Prof. Robert Babuska
Title: Data-driven construction of parsimonious analytic models for autonomous robots
Abstract:Developing mathematical models of robots and their environment is essential for long-term robot autonomy. Even popular model-free control techniques such as reinforcement learning benefit from the use of models, which are typically learned from data collected by the robot during its operation. In this talk, we introduce a family of methods that employ symbolic regression to construct parsimonious models described by analytic equations. Contrary to other techniques, such as deep neural networks, symbolic regression generates compact input-output or state-space models with small number of tunable parameters and with accuracy exceeding most competitive methods. In the context of long-term autonomy, we also address the problem of selecting informative data for model updating and we show examples of robots with up to 14-dimensional state space, including a wheeled mobile robot and a bipedal walker.
Bio:Prof. Robert Babuska received the M.Sc. (Hons.) degree in control engineering from the Czech Technical University in Prague, in 1990, and the Ph.D. (cum laude) degree from TU Delft, the Netherlands, in 1997. He has had faculty appointments with the Czech Technical University in Prague and with the Electrical Engineering Faculty, TU Delft. Currently, he is a full professor of Intelligent Control and Robotics at TU Delft, Faculty 3mE, Department of Cognitive Robotics.
In the past, he made seminal contributions also to the field of nonlinear control and identification with the use of fuzzy modeling techniques. His current research interests include reinforcement learning, adaptive and learning robot control, nonlinear system identification and state-estimation. He has been involved in the applications of these techniques in various fields, ranging from process control to robotics and aerospace.
Prof. Josef Sivic
Title: Visual recognition: from Internet images towards robots that see
Building machines that can automatically understand complex visual inputs is one of the central problems in artificial intelligence. In this talk, I will argue that in order to build machines that understand the changing visual world around us the next challenges lie in developing visual representations that generalize to never seen before conditions and are learnable in a weakly supervised manner, i.e. from noisy and only partially annotated data. I will show examples of our work in this direction with applications in visual localization across changing conditions or learning how people manipulate objects from instructional videos.

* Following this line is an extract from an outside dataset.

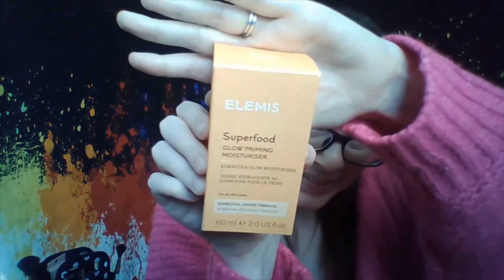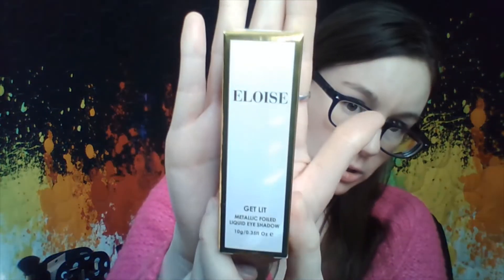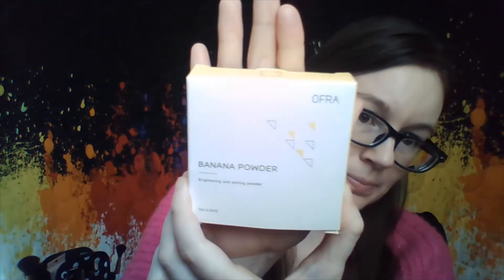For today's recap, we are trying the Elemis Superfood Glow Priming Moisturizer, the MAC Matte Lipstick in the shade Chili, the L'Rose Get Lit Metallic Foil Liquid Eyeshadow in Pure Gold, the Huda Beauty Ruby Obsessions Eyeshadow Palette, and the Ofra Banana Powder Brightening and Setting Powder. I got all makeup this month for BoxyCharm, which I'm not mad about.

Josef Sivic holds a senior researcher position at Inria in Paris and a Distinguished Senior Researcher position at the Czech Institute of Robotics, Informatics and Cybernetics at the Czech Technical University in Prague where he leads a newly created team on Intelligent Machine Perception. He received the habilitation degree from Ecole Normale Superieure in Paris in 2014, PhD from the University of Oxford in 2006 and MSc degree from Czech Technical University in 2002. Before joining Inria he was a post-doctoral associate at the Computer Science and Artificial Intelligence Lab at the Massachusetts Institute of Technology. He received the British Machine Vision Association Sullivan Thesis Prize and his papers have been awarded the Longuet-Higgins prize (CVPR’07) and the Helmholtz prize (ICCV’03 and ICCV’05) for fundamental contributions to computer vision that withstood the test of time. He is a fellow of the Learning in Machines & Brains program at the Canadian Institute of Advanced Research and was awarded an ERC Starting Grant in 2013.